Présidente du syndicat de l'enseignement du Saguenay, Aline Beaudoin abonde en ce sens. «On demande aux enseignants d'être plus blancs que blancs, comme si c'était sur eux que repose toute la moralité de notre société. Oui, les enseignants doivent agir en modèles, mais tous les adultes de notre société peuvent aussi être des modèles», soutient-elle.

Mario Leone met en garde contre le pouvoir que cette réalité confère aux élèves. «Les jeunes jouent souvent là-dessus pour obtenir des faveurs. Ils sont de plus en plus au courant des lois, alors ça peut devenir très contraignant pour les professeurs», souligne-t-il.

Il admet que le phénomène Facebook, encore relativement récent, demande un certain ajustement dans la préparation des futurs enseignants. «Nous avons un cours en début de programme, où on met en garde nos étudiants contre certains phénomènes auxquels ils auront à faire face dans l'exercice de leur profession. Cela dit, je pense que les gens savent bien qu'ils sont davantage exposés de nos jours», explique-t-il.

«C'est certain que ça préoccupe, que ça pose des questions. Ce sont des pièges qui guettent les enseignants», reprend Aline Beaudoin. «C'est un phénomène de société qui nous concerne tous, mais encore davantage lorsque l'on travaille avec des jeunes», mentionne Mario Leone.

Ce dernier constate que la dynamique du métier d'enseignant a beaucoup changé, ces dernières années. «Dans le passé, il y a toujours eu une certaine forme de proximité entre les professeurs et les élèves, surtout en éducation physique. Aujourd'hui, ne serait-ce que de mettre la main sur l'épaule d'un jeune pour l'encourager, les enseignants hésitent à faire ça», raconte-t-il.

En fin de compte, il s'agit d'une pression que tous ne peuvent supporter. «C'est rendu très délicat. Il y a 20% des professeurs qui abandonnent lors des cinq premières années suivant leur sortie de l'université. Ça demeure une très belle profession, mais avec des embûches qui en font hésiter certains», conclut M. Leone.

QUELQUES CHIFFRES

En date de février 2008, selon un sondage commandé par Branchez-vous :

- Plus d'un Québécois francophone sur quatre était déjà membre de Facebook.

- 54 % des 18 à 24 ans étaient membres du populaire réseau social.

- Chez les 25-34 ans, ce chiffre baisse à 47 %, et à 18,5% pour la tranche des 45 à 64 ans.

(Source : www.branchez-vous.com)

CODE CIVIL DU QUÉBEC

35. Toute personne a droit au respect de sa réputation et de sa vie privée. Nulle atteinte ne peut être portée à la vie privée d'une personne sans que celle-ci y consente ou sans que la loi l'autorise.

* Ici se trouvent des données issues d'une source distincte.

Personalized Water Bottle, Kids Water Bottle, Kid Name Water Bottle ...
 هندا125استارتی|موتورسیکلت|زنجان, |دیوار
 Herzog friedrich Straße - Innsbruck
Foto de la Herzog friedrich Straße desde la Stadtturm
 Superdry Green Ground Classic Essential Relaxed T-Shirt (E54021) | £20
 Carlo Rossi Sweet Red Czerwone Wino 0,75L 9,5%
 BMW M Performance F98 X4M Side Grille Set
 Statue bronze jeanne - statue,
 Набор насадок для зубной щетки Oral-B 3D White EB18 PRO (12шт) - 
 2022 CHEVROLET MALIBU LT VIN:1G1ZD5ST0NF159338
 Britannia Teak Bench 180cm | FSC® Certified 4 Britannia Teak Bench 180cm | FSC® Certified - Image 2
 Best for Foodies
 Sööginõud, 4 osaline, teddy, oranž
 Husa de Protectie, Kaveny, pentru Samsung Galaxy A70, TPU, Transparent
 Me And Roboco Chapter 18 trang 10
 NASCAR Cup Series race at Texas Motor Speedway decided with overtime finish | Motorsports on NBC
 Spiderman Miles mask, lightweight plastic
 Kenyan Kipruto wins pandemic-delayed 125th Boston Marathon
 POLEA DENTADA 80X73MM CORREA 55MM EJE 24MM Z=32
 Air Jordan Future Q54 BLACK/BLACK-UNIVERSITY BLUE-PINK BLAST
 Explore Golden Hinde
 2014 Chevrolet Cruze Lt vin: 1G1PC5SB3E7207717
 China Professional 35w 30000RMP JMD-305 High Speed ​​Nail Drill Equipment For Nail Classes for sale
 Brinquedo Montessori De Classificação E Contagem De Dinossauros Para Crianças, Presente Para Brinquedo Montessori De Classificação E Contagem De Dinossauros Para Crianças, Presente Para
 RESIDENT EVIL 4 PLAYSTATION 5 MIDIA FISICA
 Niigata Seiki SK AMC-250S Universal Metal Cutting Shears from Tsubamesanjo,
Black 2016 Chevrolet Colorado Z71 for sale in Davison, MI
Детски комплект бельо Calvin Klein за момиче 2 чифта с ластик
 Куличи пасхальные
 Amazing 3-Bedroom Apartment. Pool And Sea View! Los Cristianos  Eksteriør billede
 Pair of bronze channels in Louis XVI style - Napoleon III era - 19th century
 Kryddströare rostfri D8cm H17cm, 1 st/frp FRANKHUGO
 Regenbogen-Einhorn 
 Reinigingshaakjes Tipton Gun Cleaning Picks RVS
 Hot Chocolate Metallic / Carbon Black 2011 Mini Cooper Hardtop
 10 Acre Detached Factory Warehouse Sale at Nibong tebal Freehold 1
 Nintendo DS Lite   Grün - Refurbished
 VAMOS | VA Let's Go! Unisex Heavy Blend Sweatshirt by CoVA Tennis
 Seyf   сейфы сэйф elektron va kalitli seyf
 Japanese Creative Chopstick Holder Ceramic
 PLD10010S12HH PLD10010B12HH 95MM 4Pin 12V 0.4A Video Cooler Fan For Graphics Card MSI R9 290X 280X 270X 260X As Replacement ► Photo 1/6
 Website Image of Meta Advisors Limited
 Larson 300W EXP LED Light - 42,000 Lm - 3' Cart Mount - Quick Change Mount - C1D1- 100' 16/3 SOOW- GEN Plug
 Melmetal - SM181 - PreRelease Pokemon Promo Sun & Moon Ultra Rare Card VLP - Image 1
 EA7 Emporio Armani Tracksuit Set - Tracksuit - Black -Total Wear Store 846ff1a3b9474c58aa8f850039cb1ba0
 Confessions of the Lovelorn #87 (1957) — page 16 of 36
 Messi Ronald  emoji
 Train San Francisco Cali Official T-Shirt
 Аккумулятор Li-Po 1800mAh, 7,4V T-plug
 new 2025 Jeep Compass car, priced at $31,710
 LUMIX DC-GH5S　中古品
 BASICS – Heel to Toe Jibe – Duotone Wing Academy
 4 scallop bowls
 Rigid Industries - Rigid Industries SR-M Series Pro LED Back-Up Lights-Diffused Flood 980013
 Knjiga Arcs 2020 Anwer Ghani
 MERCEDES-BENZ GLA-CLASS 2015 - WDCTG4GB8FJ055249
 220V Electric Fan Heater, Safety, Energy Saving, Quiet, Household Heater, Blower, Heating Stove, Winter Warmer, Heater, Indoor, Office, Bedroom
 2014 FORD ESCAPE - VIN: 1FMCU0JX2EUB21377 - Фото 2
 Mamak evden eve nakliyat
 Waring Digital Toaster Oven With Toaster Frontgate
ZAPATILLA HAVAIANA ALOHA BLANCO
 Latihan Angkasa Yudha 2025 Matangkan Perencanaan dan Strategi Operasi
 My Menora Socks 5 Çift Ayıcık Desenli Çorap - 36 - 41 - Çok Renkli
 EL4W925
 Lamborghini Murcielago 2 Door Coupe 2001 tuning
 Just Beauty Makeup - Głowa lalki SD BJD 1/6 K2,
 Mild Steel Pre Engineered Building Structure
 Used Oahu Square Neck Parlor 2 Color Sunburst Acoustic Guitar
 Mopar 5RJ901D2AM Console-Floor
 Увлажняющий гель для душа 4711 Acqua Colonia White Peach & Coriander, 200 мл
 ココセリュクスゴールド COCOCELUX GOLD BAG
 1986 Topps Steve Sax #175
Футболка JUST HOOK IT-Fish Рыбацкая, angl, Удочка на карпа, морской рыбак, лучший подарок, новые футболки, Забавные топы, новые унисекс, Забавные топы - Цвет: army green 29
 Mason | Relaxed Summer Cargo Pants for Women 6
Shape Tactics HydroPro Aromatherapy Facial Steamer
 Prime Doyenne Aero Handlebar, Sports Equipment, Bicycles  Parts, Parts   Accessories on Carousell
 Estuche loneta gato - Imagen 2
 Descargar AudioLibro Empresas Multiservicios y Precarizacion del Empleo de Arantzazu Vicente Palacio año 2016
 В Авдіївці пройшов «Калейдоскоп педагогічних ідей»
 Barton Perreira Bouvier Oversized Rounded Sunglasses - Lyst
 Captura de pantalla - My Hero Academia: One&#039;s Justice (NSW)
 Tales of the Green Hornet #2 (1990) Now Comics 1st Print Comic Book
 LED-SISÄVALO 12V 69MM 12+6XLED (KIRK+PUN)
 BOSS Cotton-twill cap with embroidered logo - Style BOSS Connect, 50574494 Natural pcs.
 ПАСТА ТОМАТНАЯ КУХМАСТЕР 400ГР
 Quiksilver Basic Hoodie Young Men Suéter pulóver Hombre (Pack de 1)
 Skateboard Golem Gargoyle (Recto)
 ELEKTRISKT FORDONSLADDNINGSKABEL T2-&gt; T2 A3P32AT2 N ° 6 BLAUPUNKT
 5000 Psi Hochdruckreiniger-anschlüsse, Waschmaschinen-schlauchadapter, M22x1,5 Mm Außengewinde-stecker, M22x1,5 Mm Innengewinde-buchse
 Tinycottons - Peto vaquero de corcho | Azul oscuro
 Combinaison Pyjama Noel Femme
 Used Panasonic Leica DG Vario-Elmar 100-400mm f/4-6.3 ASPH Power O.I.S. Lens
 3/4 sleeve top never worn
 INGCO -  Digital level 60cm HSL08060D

36. Peuvent être notamment considérés comme des atteintes à la vie privée d'une personne les actes suivants:

1° Pénétrer chez elle ou y prendre quoi que ce soit;

2° Intercepter ou utiliser volontairement une communication privée;

3° Capter ou utiliser son image ou sa voix lorsqu'elle se trouve dans des lieux privés;

4° Surveiller sa vie privée par quelque moyen que ce soit;

5° Utiliser son nom, son image, sa ressemblance ou sa voix à toute autre fin que l'information légitime du public;

6° Utiliser sa correspondance, ses manuscrits ou ses autres documents personnels.